Opened on July 5, Birdhouse is among a recent influx of restaurants to grace the island’s western end, including birria taco slinger Tacos Don Rigo and barbecue joint Smoke Box — a double whammy in the same Pierrefonds area strip mall. That comes in addition to plans for Fairview Pointe Claire’s incoming “District Gourmand” (slated to usher in Tommy Café), and, of course, a number of the area’s longer-standing stalwarts — from southern belle Bistro Nolah to old-school casse-croûte Smoked Meat Pete — that have helped bolster the West Island’s culinary credentials.

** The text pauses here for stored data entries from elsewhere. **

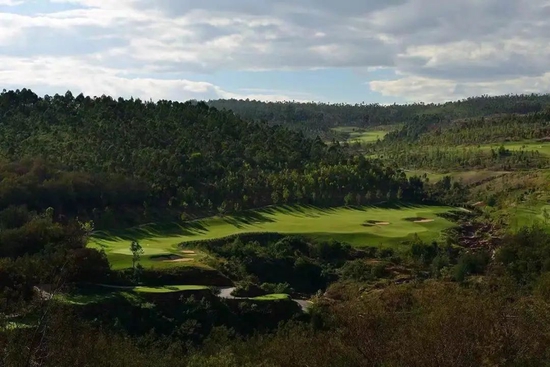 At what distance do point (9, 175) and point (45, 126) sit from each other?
26.2m

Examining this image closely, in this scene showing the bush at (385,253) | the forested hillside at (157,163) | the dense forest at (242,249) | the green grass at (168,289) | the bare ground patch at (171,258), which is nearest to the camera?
the dense forest at (242,249)

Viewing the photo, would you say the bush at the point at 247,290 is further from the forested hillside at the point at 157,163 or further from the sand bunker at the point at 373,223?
the sand bunker at the point at 373,223

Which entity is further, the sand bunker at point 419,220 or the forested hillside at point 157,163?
the sand bunker at point 419,220

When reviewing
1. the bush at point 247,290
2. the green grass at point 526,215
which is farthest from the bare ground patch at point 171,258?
the green grass at point 526,215

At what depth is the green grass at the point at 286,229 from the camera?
5956cm

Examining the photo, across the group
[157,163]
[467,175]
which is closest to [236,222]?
[157,163]

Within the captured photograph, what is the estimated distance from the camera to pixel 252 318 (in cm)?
4341

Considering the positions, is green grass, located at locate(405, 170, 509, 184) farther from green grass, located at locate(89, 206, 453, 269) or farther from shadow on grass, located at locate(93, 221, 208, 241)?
shadow on grass, located at locate(93, 221, 208, 241)

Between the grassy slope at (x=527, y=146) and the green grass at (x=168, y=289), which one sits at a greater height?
the grassy slope at (x=527, y=146)

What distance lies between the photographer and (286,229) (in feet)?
239

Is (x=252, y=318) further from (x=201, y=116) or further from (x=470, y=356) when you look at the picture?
(x=201, y=116)

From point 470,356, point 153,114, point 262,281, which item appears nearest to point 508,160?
point 153,114

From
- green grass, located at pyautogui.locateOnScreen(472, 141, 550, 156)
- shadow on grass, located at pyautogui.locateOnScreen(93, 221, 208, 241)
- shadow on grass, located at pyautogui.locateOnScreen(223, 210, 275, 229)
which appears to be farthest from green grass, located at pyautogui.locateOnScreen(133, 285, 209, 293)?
green grass, located at pyautogui.locateOnScreen(472, 141, 550, 156)

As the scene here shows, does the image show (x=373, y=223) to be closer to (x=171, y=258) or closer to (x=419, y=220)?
(x=419, y=220) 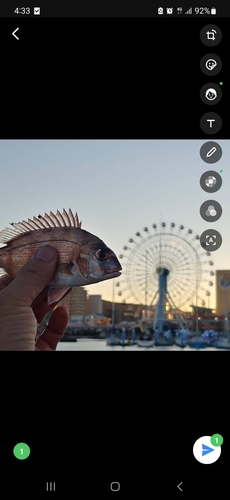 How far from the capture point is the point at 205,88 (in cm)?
146

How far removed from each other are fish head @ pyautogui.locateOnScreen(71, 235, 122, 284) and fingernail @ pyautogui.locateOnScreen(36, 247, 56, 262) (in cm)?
9

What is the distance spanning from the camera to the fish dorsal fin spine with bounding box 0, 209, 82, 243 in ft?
5.27

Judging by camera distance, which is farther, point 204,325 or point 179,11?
point 204,325

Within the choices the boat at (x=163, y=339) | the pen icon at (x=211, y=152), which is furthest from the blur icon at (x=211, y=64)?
the boat at (x=163, y=339)

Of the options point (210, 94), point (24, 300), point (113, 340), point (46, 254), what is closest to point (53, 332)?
point (24, 300)

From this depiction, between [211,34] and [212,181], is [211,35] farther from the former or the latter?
[212,181]

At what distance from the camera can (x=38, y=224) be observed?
5.51 feet

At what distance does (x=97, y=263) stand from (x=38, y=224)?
282 mm

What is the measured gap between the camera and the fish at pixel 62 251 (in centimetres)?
156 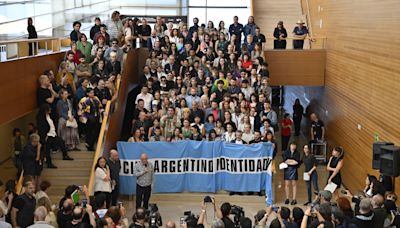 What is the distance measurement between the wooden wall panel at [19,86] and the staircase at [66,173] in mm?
1380

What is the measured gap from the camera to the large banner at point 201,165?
14.8 metres

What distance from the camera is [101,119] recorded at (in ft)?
49.7

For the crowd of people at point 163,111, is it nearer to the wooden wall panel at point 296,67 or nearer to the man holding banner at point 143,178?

The brand-new Brunswick Boulevard restaurant is the brainchild of Montreal entrepreneur Lorne Schwartz, restaurateur George Massouras (of Madisons and Arahova Souvlaki), and among the other partners involved, Brahm Mauer, son of the founder of beloved buffalo hot wings expert Wings ‘n’ Things. Mauer has tried his hand at reviving the original Wings ‘n’ Things recipe — the restaurant originally opened in 1986 — over the years, including with a Royalmount Avenue location in 2012, then as a roaming summertime food truck and NDG pop-up. That same truck has now been made over with a Birdhouse-branded livery to be deployed for private events.

A likely draw to many, Birdhouse is reprising the “famous flavours, untouched” of the once-upon-a-time NDG staple, represented on its menu as “The Legendary WNT Buffalo” chicken wing.